Assignment: Below are some entries. Copy each line that holds the string "Clio".
··········
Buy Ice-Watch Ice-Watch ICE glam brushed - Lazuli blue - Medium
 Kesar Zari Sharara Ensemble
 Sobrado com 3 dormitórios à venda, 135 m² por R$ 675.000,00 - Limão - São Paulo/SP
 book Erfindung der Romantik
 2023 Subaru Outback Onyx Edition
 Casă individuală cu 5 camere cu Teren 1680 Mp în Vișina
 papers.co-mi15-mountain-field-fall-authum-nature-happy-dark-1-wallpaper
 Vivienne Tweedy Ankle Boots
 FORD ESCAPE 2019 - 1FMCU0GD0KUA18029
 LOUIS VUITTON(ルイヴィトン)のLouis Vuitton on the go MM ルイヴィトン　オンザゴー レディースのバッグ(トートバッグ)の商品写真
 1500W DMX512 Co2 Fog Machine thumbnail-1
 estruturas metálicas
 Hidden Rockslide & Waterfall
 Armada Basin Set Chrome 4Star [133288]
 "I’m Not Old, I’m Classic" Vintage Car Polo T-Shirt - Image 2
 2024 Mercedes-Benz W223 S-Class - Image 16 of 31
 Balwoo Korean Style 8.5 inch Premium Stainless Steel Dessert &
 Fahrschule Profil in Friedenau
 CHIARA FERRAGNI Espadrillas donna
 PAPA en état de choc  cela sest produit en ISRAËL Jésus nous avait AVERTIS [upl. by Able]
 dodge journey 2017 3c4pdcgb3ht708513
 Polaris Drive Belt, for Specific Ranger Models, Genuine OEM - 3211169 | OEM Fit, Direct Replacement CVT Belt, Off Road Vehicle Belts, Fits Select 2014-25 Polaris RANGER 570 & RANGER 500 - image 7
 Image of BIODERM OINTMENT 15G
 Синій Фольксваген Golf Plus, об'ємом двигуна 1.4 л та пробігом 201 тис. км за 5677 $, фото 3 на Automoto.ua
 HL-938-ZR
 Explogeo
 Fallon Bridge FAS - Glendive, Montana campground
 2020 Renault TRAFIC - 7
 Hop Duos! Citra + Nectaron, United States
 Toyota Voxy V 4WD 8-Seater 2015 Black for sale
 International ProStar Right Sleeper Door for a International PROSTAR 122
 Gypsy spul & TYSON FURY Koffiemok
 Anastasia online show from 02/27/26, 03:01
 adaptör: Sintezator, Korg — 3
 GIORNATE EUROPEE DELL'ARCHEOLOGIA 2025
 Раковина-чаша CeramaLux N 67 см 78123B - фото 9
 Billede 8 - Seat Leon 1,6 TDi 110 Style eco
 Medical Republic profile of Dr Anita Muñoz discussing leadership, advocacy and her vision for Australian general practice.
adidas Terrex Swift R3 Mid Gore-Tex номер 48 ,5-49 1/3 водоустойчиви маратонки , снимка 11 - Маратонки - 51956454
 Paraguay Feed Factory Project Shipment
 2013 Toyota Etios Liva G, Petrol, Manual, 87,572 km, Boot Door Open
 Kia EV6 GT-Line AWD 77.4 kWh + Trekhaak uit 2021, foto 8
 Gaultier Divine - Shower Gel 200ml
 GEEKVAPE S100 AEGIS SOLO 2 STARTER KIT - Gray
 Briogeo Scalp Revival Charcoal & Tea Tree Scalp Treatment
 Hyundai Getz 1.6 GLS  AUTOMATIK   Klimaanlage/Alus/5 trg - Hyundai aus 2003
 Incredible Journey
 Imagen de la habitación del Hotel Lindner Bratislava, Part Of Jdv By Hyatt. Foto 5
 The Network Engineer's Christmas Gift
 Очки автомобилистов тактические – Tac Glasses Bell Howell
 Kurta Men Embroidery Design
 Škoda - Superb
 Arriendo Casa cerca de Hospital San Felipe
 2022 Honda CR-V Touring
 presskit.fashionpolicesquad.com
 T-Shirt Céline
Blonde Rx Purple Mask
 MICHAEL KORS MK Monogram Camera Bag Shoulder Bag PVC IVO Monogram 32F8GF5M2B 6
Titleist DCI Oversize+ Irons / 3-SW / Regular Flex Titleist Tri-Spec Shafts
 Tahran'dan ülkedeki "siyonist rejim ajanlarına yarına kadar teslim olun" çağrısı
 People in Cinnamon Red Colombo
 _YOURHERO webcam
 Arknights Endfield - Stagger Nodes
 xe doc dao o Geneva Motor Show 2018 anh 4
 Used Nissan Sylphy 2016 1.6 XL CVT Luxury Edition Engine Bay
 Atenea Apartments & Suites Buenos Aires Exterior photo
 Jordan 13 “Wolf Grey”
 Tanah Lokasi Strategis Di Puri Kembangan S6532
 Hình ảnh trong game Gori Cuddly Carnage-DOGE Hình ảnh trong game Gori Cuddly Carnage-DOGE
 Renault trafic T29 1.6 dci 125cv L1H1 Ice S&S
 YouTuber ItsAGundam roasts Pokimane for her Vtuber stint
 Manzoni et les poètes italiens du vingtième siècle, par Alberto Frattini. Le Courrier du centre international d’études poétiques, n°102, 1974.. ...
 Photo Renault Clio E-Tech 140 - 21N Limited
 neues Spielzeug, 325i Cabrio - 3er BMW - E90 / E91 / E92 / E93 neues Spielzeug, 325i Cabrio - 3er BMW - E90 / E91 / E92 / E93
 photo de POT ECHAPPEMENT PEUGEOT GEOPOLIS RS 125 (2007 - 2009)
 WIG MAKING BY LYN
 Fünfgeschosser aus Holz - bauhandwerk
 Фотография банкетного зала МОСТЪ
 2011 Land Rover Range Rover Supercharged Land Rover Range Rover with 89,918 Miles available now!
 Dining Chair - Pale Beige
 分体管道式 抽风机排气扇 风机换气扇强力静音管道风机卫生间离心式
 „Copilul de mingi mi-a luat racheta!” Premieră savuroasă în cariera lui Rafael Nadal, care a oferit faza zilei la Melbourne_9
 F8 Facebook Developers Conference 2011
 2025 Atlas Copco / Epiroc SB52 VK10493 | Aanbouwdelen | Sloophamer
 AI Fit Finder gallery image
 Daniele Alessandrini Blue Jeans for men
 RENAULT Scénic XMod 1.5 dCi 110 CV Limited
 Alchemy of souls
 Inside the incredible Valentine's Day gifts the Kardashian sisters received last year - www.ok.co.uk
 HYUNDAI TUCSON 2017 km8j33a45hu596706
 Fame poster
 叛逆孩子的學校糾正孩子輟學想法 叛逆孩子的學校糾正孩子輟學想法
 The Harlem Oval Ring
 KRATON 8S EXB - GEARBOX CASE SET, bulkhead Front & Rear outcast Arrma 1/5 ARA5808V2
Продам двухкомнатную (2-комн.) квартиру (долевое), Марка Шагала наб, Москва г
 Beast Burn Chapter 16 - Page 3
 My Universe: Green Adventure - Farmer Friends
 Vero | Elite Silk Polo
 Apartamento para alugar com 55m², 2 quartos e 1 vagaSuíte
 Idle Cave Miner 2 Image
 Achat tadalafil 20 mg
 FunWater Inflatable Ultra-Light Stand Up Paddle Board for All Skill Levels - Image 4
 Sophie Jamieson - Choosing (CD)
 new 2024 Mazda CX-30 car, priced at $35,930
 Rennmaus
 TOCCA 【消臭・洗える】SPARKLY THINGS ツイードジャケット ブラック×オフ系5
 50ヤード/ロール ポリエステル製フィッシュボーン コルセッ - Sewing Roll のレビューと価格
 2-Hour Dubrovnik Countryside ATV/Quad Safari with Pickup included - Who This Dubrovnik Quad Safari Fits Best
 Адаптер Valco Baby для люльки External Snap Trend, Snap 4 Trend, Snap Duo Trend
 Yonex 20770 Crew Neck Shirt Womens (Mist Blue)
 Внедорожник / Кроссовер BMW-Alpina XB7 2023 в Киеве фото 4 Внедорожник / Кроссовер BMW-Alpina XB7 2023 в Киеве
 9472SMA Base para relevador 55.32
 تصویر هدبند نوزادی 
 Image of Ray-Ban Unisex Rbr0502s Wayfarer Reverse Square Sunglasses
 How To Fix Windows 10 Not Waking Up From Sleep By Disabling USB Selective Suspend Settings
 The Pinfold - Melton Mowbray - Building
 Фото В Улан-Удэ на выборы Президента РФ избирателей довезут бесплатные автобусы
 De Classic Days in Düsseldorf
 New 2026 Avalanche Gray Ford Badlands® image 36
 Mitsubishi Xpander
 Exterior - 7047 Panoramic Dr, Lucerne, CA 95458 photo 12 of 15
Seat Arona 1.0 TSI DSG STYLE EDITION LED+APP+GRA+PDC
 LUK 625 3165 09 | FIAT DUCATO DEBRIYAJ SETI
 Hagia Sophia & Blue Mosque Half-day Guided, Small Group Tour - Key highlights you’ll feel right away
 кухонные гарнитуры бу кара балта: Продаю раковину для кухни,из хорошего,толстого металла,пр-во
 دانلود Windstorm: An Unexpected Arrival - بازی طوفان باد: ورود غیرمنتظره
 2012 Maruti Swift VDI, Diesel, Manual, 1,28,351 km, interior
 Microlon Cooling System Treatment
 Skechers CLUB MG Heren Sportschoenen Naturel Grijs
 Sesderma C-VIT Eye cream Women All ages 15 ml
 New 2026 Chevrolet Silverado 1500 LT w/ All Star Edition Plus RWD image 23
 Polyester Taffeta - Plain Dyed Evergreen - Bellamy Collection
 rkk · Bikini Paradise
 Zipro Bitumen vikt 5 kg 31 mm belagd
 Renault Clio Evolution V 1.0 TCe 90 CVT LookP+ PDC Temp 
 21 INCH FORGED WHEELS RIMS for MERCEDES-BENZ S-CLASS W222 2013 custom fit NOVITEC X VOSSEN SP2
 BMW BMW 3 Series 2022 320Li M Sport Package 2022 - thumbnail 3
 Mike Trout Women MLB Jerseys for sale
··········
Problem solution:
 Photo Renault Clio E-Tech 140 - 21N Limited
 Renault Clio Evolution V 1.0 TCe 90 CVT LookP+ PDC Temp 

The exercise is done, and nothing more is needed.